> _ACTION ITEM_:
The answer must consist solely of the lines from the one containing "פוארטו מדרין Rayentray" through the last line of the records, set down exactly and without any pictures.

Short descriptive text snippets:
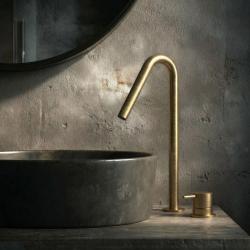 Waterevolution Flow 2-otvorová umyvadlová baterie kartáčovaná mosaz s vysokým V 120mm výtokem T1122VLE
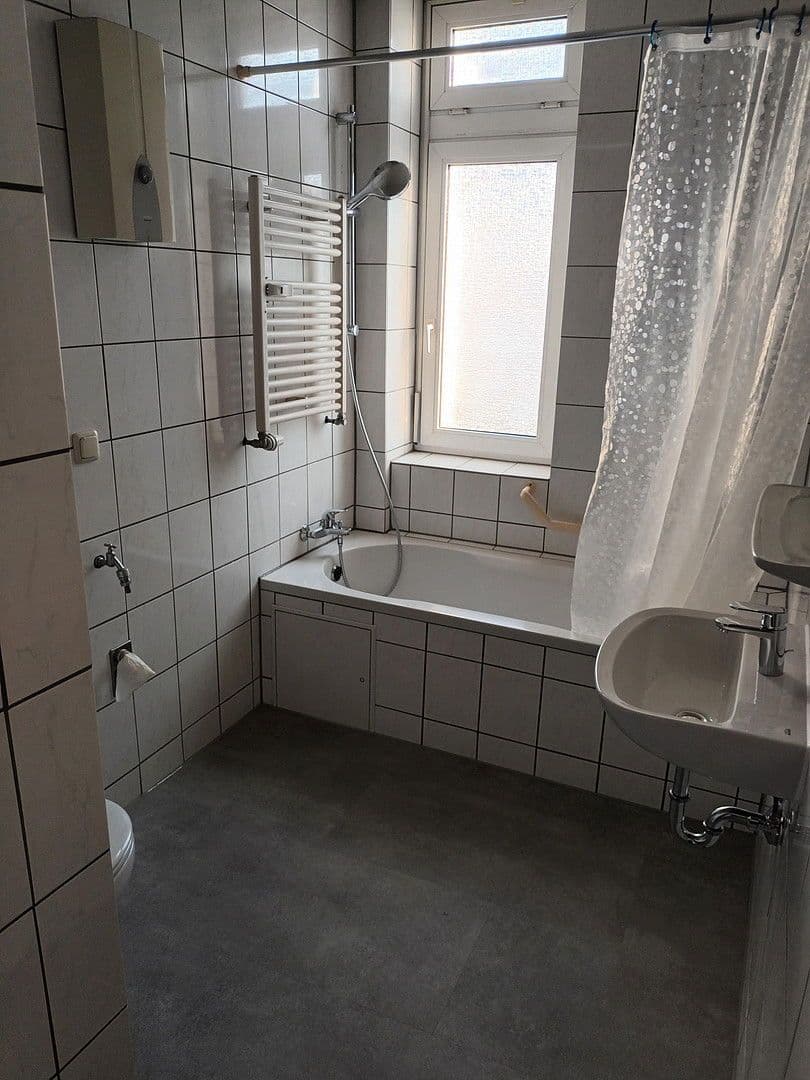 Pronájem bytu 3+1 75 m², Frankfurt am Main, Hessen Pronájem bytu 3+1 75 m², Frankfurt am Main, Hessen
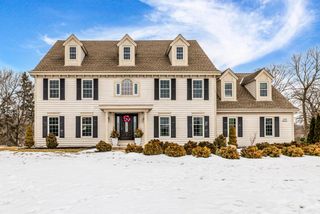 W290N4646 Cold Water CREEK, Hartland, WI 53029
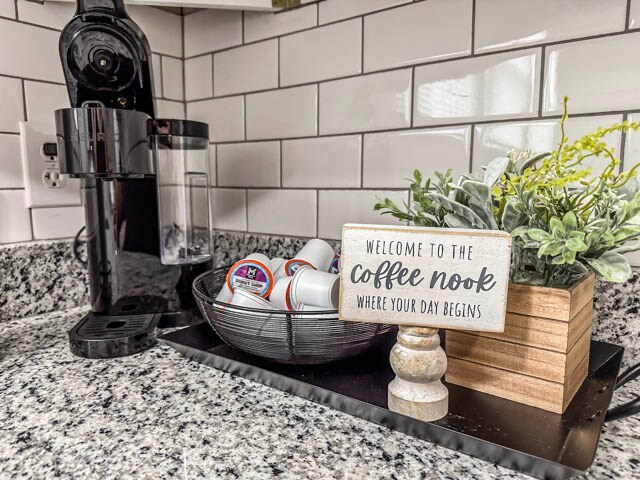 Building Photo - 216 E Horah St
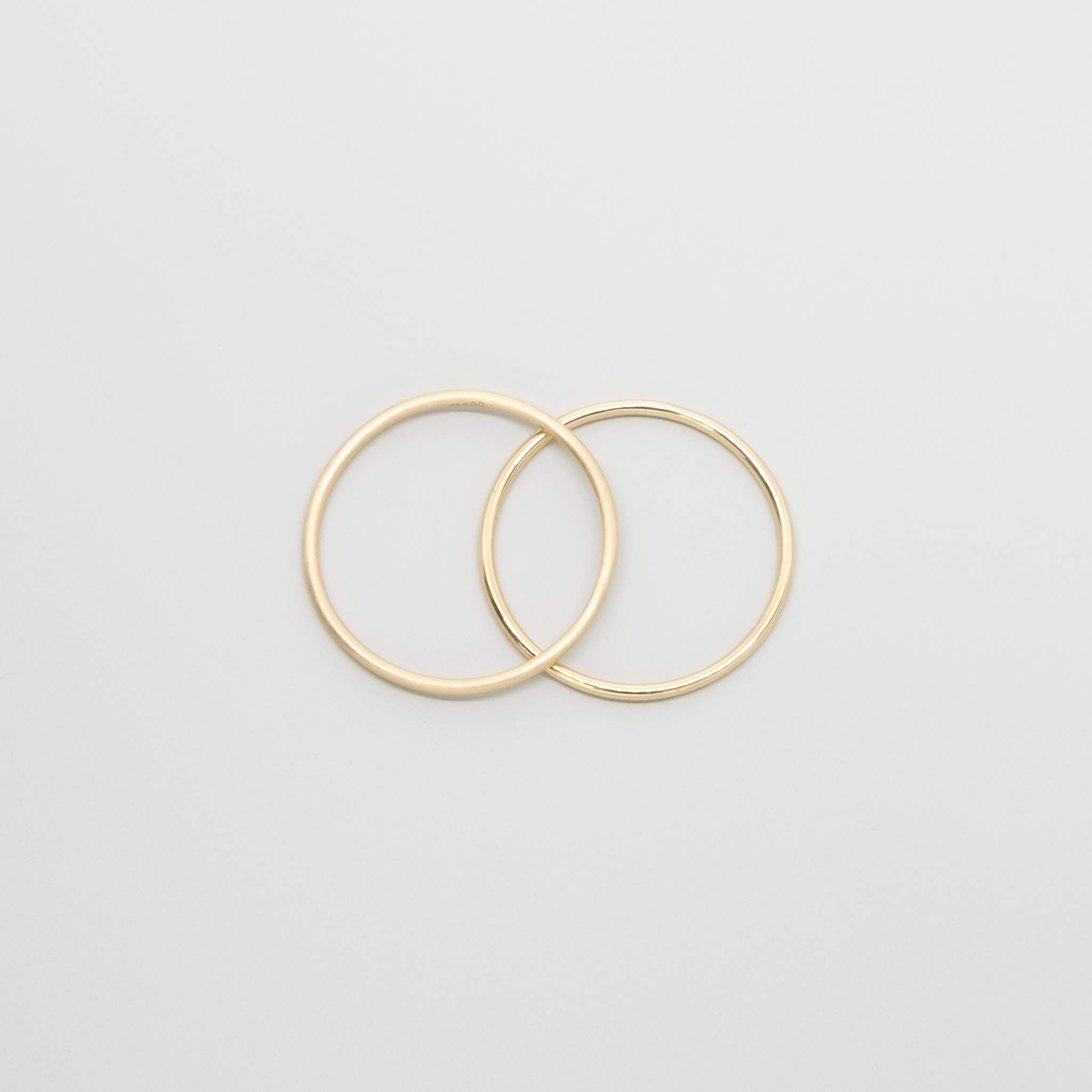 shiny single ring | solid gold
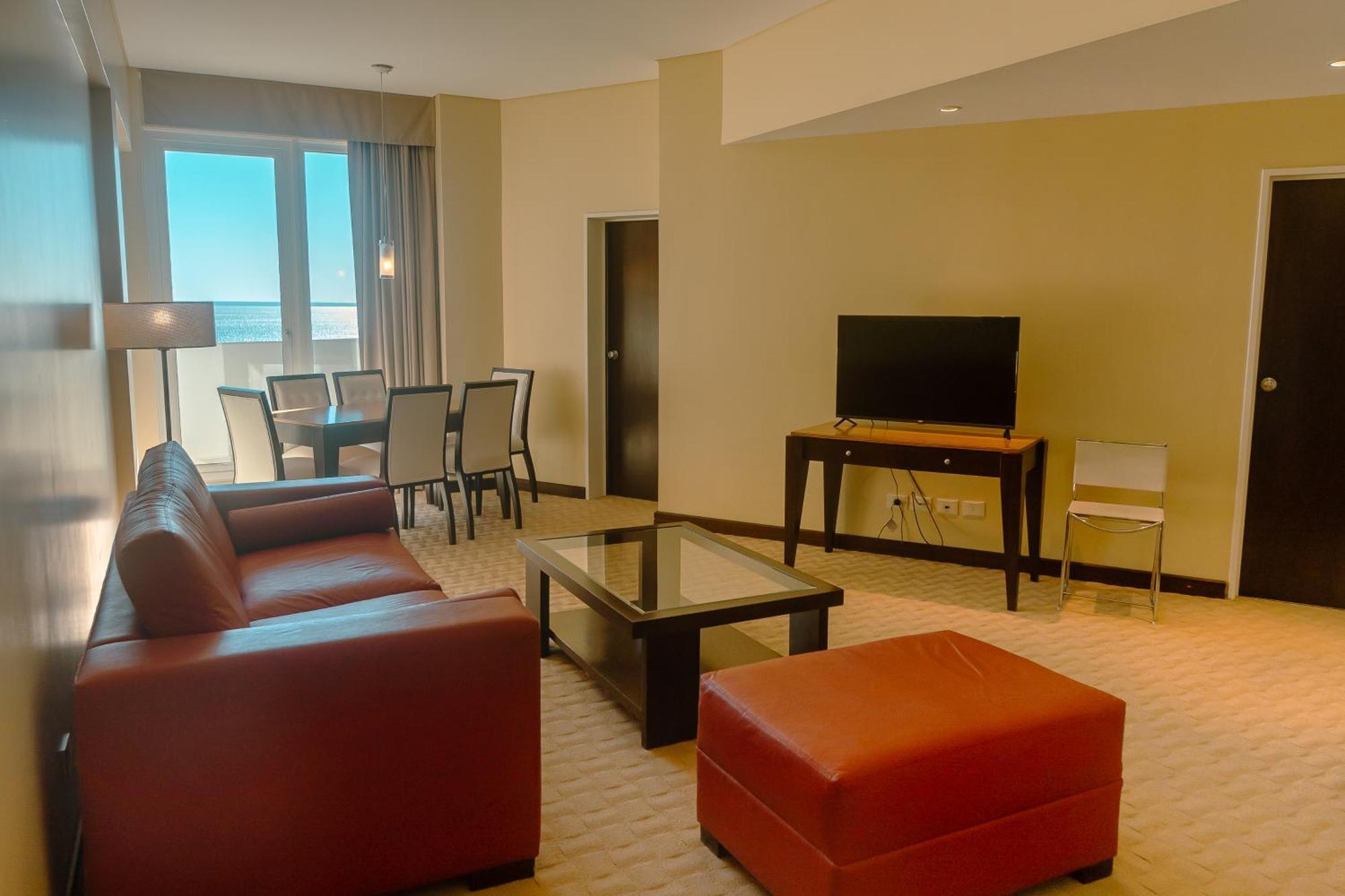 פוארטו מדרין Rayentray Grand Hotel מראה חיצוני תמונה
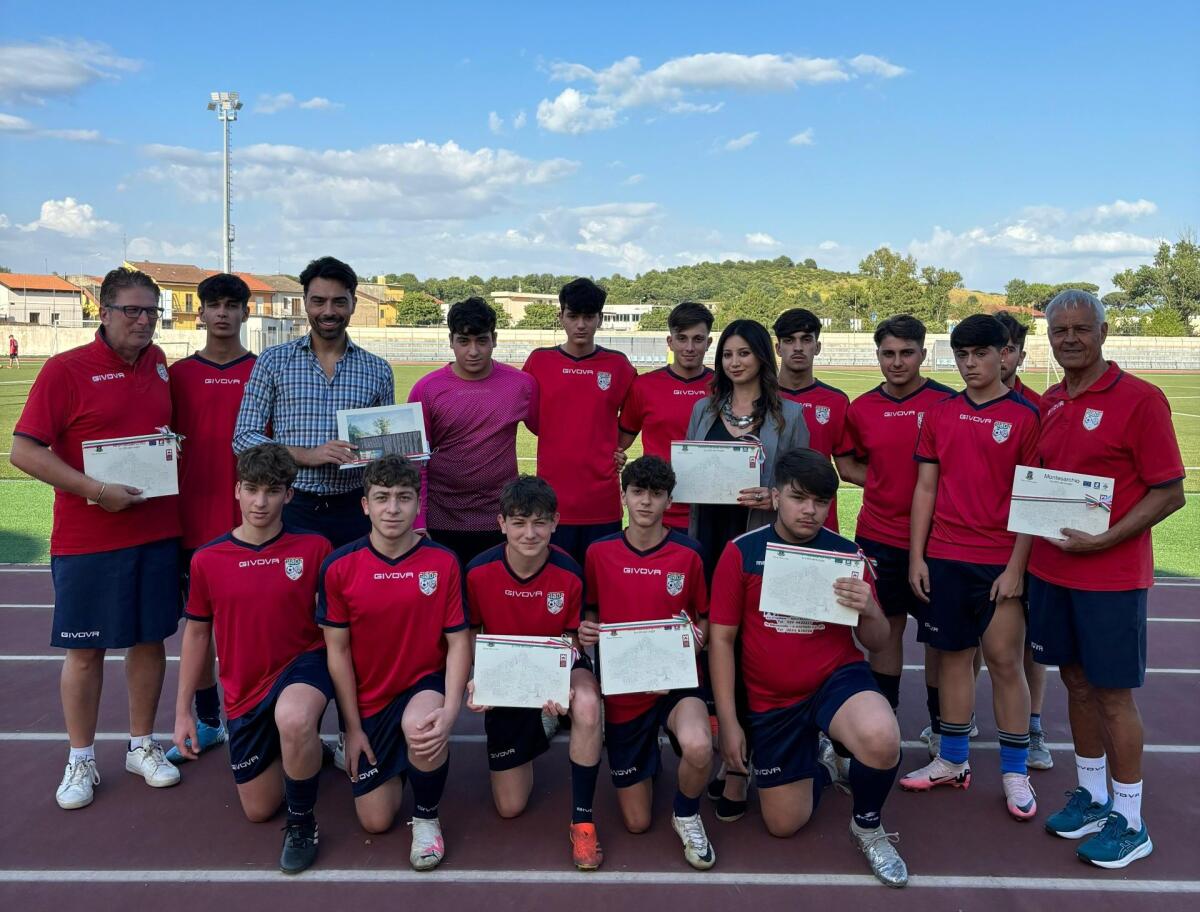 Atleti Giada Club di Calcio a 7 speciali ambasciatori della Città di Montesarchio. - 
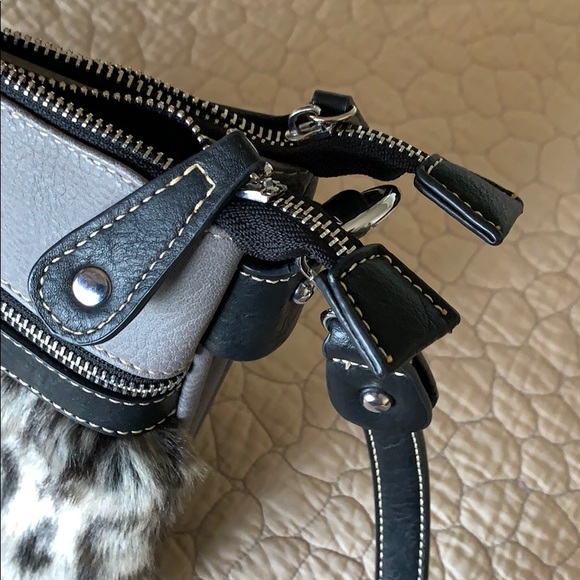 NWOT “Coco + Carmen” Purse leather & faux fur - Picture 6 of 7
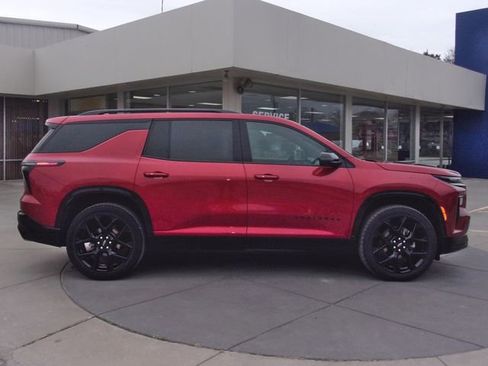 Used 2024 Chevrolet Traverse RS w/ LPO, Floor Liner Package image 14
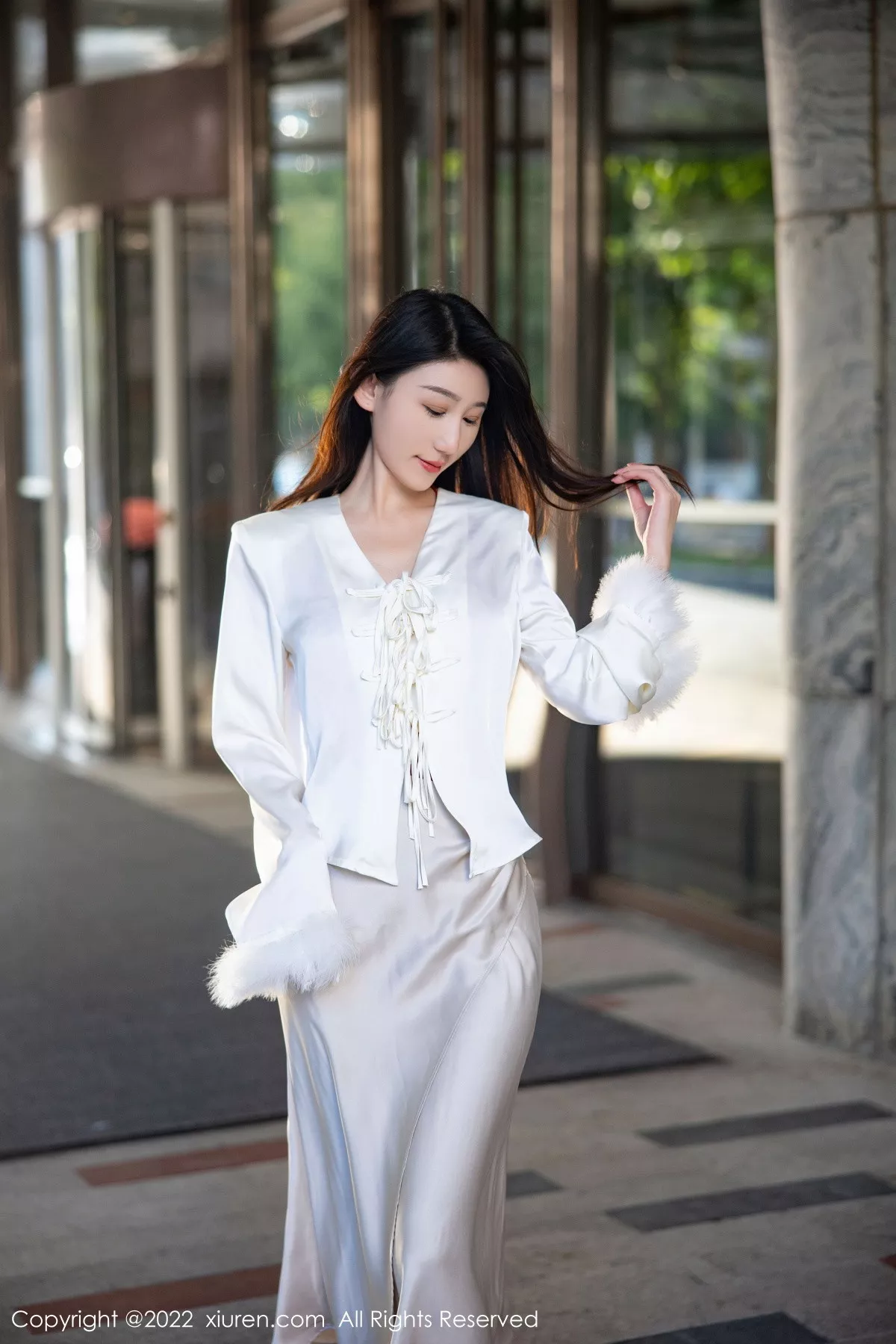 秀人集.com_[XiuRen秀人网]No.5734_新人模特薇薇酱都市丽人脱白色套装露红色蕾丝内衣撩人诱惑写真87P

> _OUTPUT_:
 פוארטו מדרין Rayentray Grand Hotel מראה חיצוני תמונה
 Atleti Giada Club di Calcio a 7 speciali ambasciatori della Città di Montesarchio. - 
 NWOT “Coco + Carmen” Purse leather & faux fur - Picture 6 of 7
 Used 2024 Chevrolet Traverse RS w/ LPO, Floor Liner Package image 14
 秀人集.com_[XiuRen秀人网]No.5734_新人模特薇薇酱都市丽人脱白色套装露红色蕾丝内衣撩人诱惑写真87P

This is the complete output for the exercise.